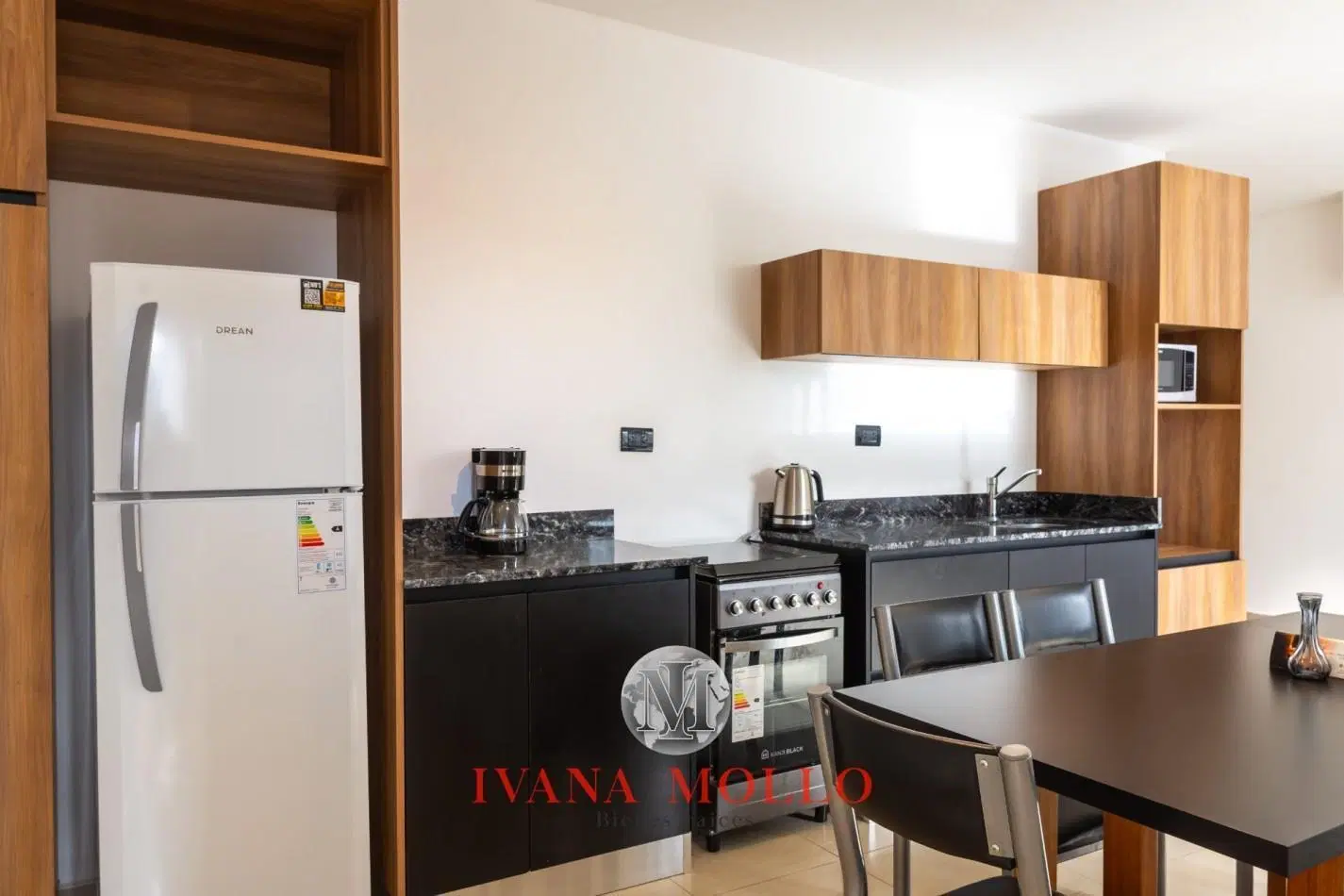 DEPARTAMENTO 3 AMBIENTES CENTRICO - EN VENTA - PINAMAR EL AGORA 2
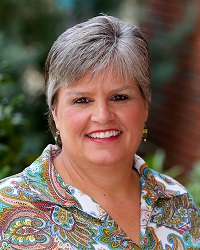 Pamela Dolin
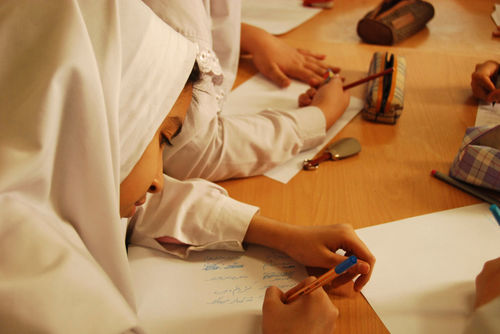 Iranian schoolgirls have been ‘revenge’ poisoned, officials are investigating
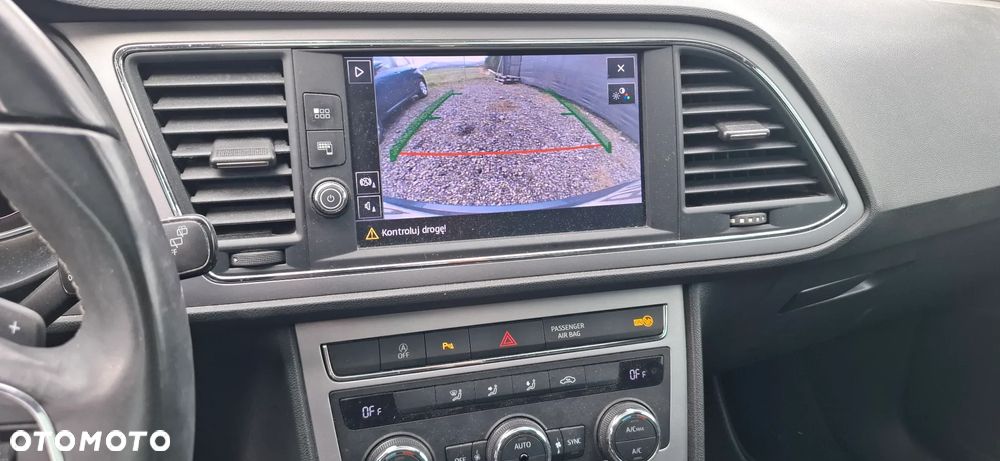 Seat Leon 1.5 eTSI ACT OPF DSG Xcellence - 14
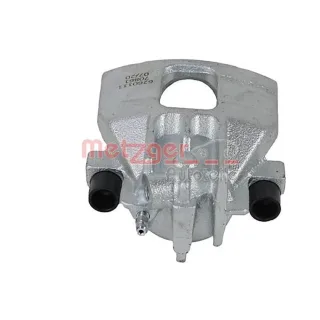 Metzger Bremssattel vorne links Ford Focus 1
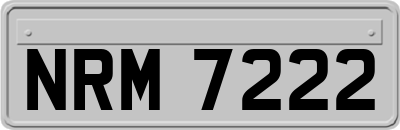 NRM7222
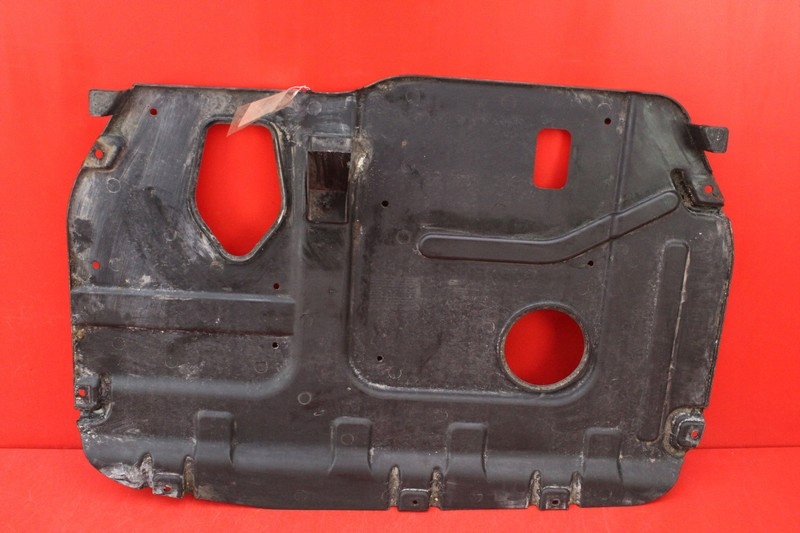 фото №9, Захист підвіска hyundai i30 1 i 1.6 crdi 116 km 07-10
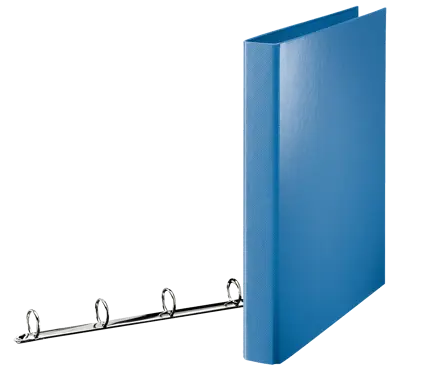 Esselte Standard Ringbuch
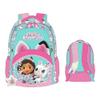 Kids Licensing Gabby's Dollhouse Backpack 32 cm view 1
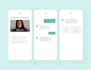 design your mobile app UI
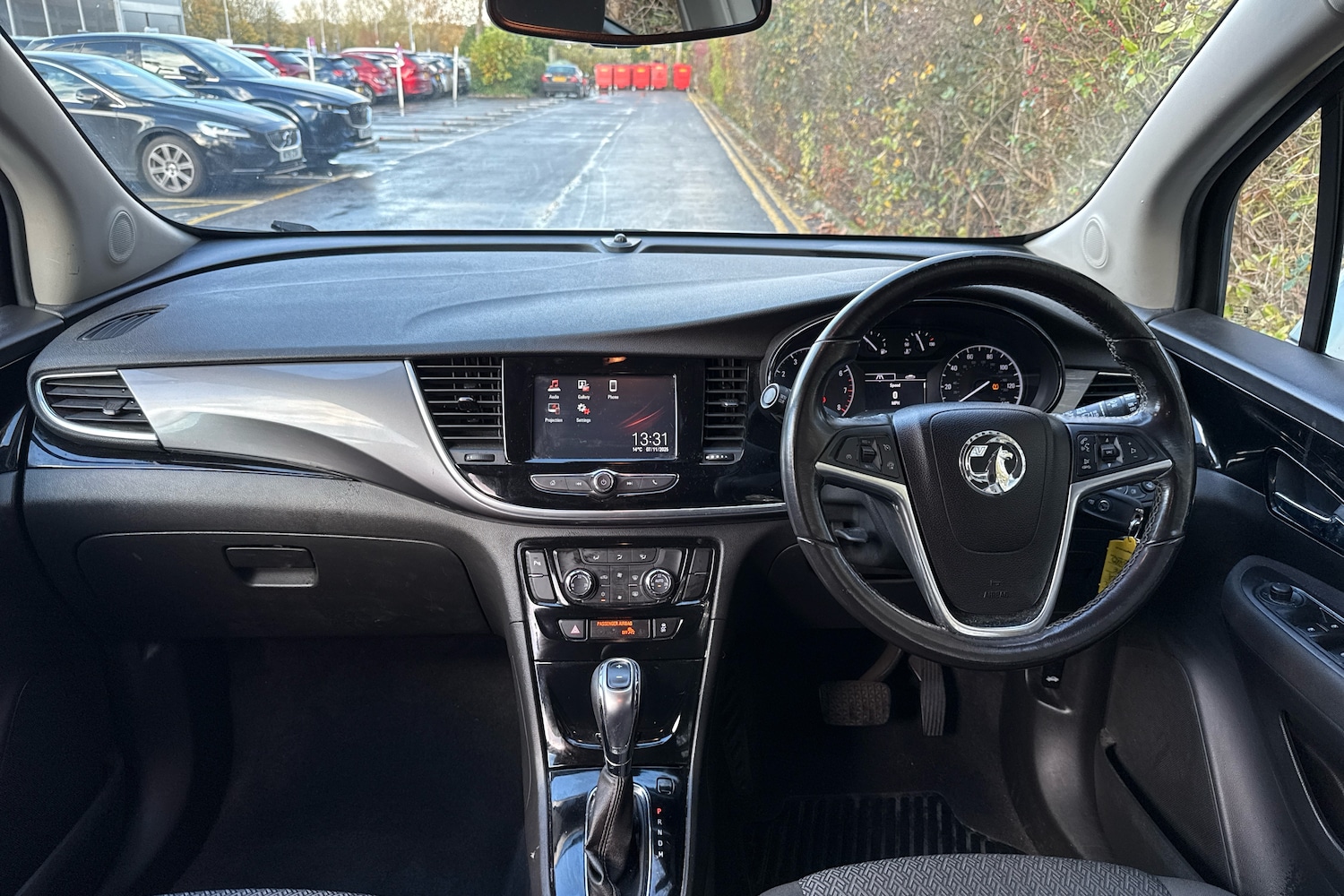 Used Vauxhall Mokka X 2018 for sale - 76673370: Photo 3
══════════════════════════════
**Prompt**
Retype word for word the span of lines above that begins with the line containing "Metzger Bremssattel vorne links Ford Focus 1" and ends with the last line of the records; skip all pictures.

**Task result**
 Metzger Bremssattel vorne links Ford Focus 1
 NRM7222
 фото №9, Захист підвіска hyundai i30 1 i 1.6 crdi 116 km 07-10
 Esselte Standard Ringbuch
 Kids Licensing Gabby's Dollhouse Backpack 32 cm view 1
 design your mobile app UI
 Used Vauxhall Mokka X 2018 for sale - 76673370: Photo 3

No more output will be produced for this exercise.